[RECORDS PROVIDED Boundary: Start]
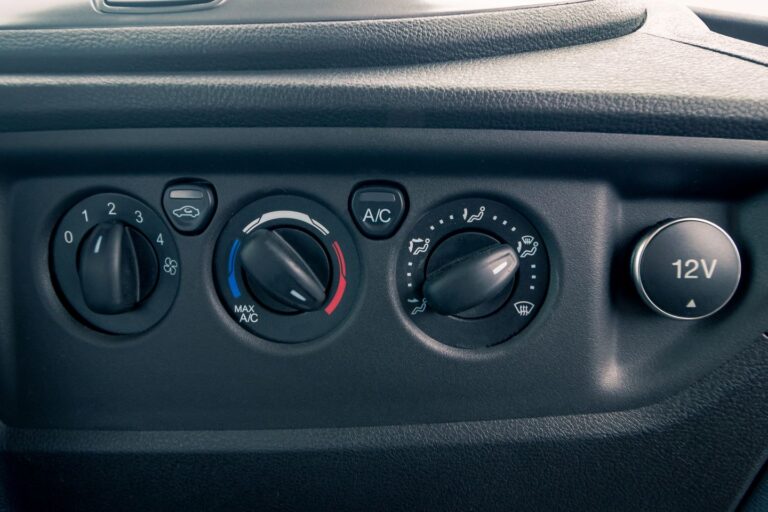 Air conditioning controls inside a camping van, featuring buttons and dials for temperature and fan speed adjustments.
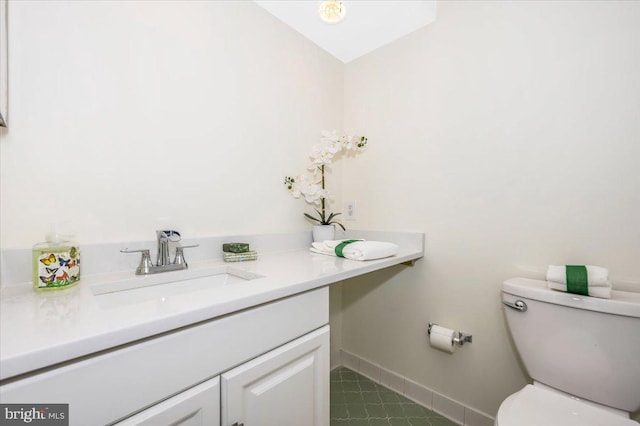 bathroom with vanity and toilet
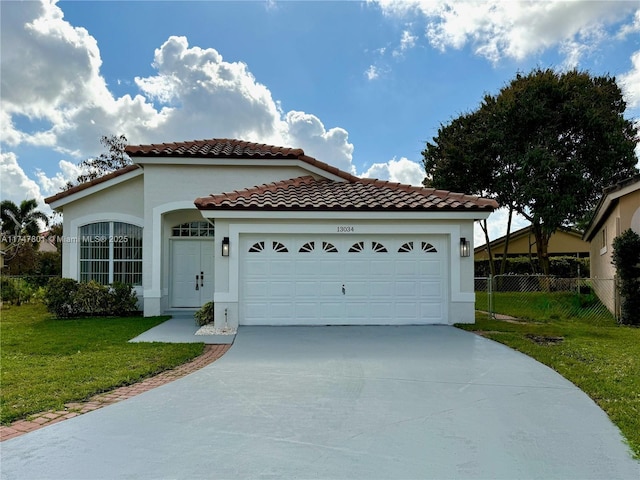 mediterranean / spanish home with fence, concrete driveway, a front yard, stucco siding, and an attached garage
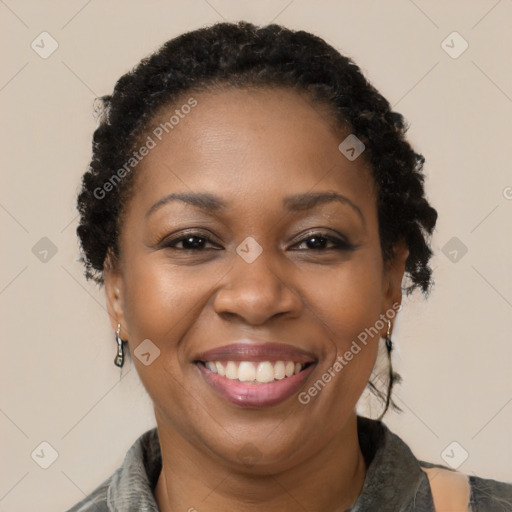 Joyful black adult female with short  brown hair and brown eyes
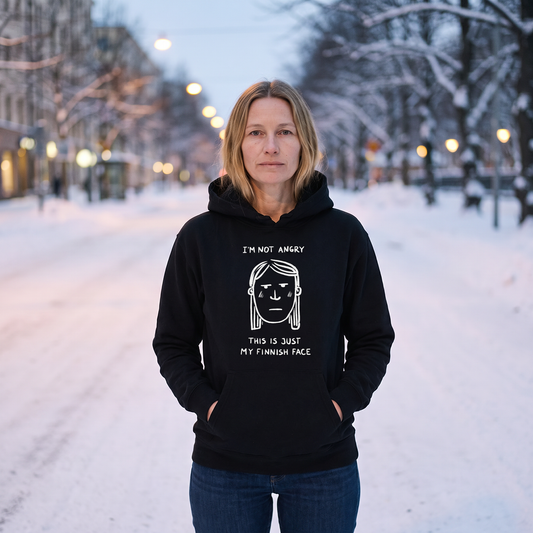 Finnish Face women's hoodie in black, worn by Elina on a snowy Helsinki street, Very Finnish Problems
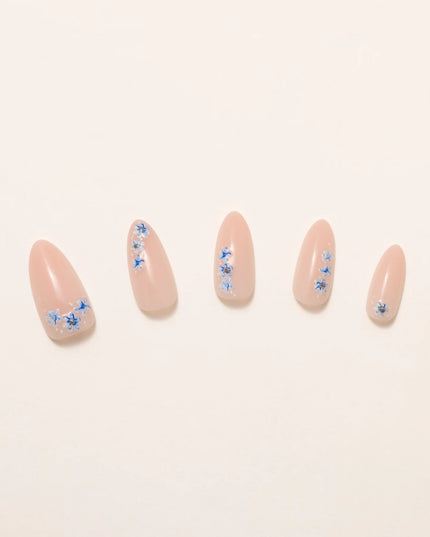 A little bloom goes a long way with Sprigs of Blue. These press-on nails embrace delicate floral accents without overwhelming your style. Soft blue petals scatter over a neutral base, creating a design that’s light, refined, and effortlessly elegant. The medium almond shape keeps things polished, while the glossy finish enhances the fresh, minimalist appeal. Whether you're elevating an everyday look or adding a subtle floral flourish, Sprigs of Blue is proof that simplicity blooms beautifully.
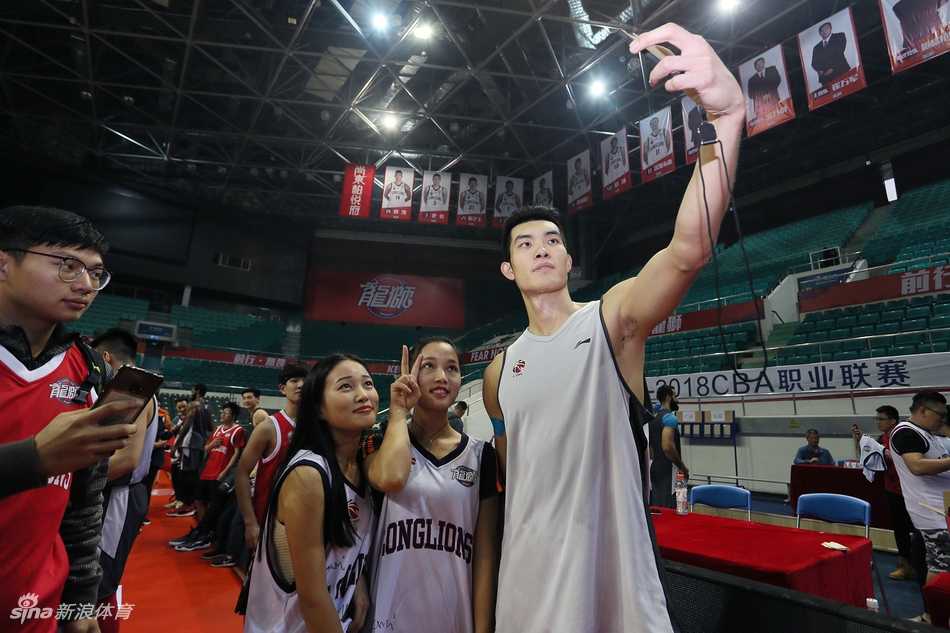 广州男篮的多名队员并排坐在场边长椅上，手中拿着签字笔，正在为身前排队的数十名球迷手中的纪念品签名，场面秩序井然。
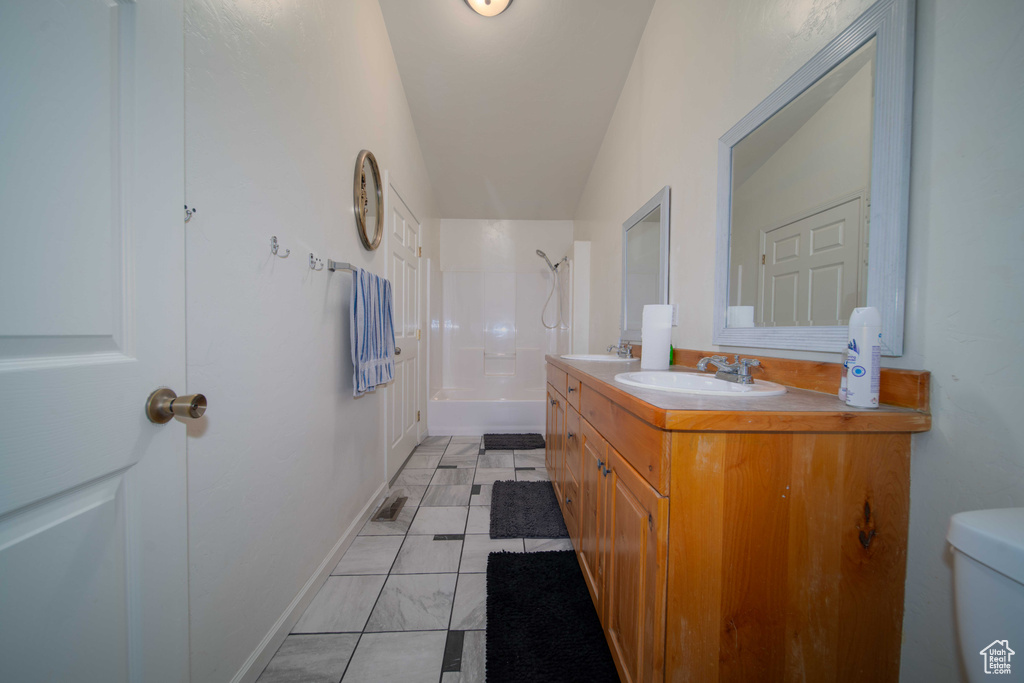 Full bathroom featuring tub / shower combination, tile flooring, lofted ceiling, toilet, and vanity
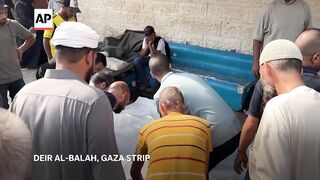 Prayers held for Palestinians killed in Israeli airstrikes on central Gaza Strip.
[RECORDS PROVIDED Boundary: End]
[RECORDS PROVIDED Boundary: Start]
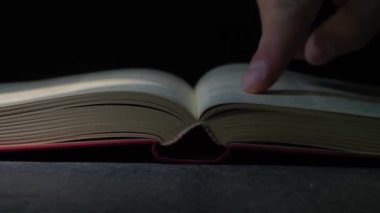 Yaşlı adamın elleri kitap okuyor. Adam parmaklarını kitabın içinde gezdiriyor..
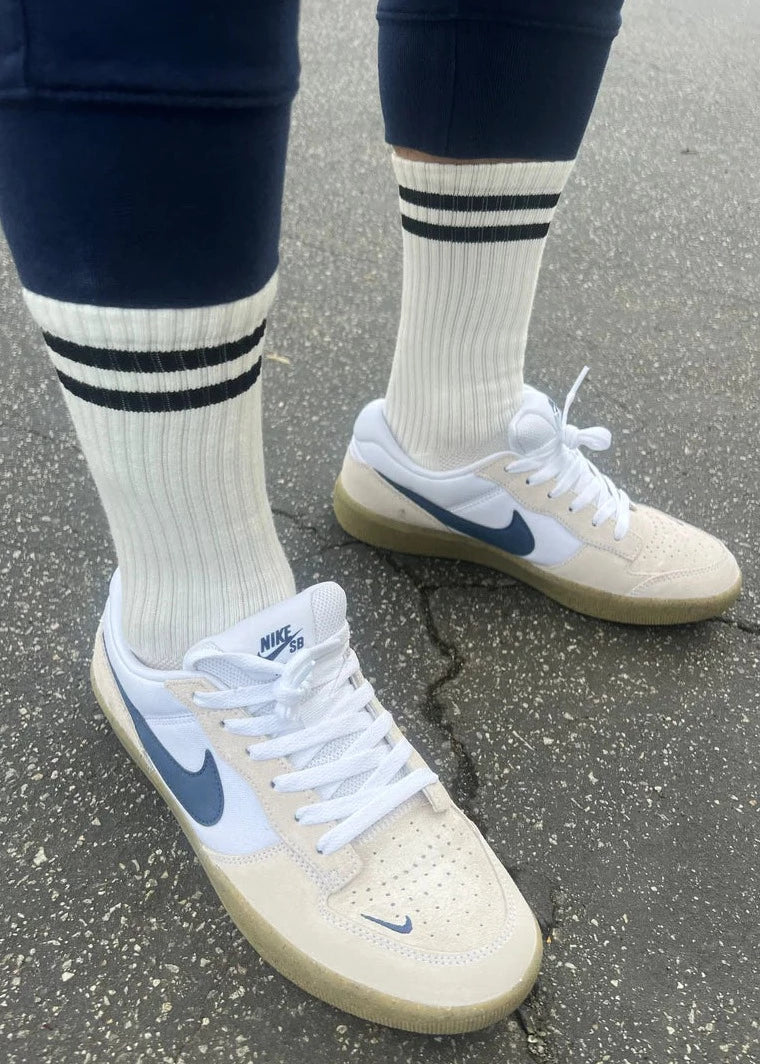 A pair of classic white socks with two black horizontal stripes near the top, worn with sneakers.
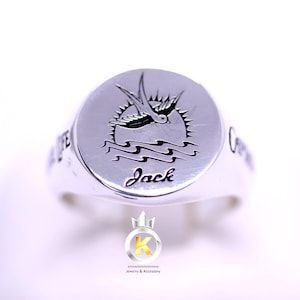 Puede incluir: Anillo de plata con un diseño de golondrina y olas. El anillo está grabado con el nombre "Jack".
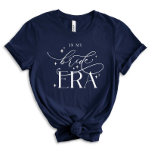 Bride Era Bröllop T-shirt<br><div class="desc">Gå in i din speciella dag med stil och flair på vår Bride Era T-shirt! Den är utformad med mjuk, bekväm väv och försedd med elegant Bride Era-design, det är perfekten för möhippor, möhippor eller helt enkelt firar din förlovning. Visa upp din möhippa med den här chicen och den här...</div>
[RECORDS PROVIDED Boundary: End]
A verbatim reproduction is expected: starting at the line above that has "mediterranean / spanish", ending at the line that has "Prayers held for", both included, and with no pictures and no other lines.

• _TASK RESULT_
 mediterranean / spanish home with fence, concrete driveway, a front yard, stucco siding, and an attached garage
 Joyful black adult female with short  brown hair and brown eyes
 Finnish Face women's hoodie in black, worn by Elina on a snowy Helsinki street, Very Finnish Problems
 A little bloom goes a long way with Sprigs of Blue. These press-on nails embrace delicate floral accents without overwhelming your style. Soft blue petals scatter over a neutral base, creating a design that’s light, refined, and effortlessly elegant. The medium almond shape keeps things polished, while the glossy finish enhances the fresh, minimalist appeal. Whether you're elevating an everyday look or adding a subtle floral flourish, Sprigs of Blue is proof that simplicity blooms beautifully.
 广州男篮的多名队员并排坐在场边长椅上，手中拿着签字笔，正在为身前排队的数十名球迷手中的纪念品签名，场面秩序井然。
 Full bathroom featuring tub / shower combination, tile flooring, lofted ceiling, toilet, and vanity
 Prayers held for Palestinians killed in Israeli airstrikes on central Gaza Strip.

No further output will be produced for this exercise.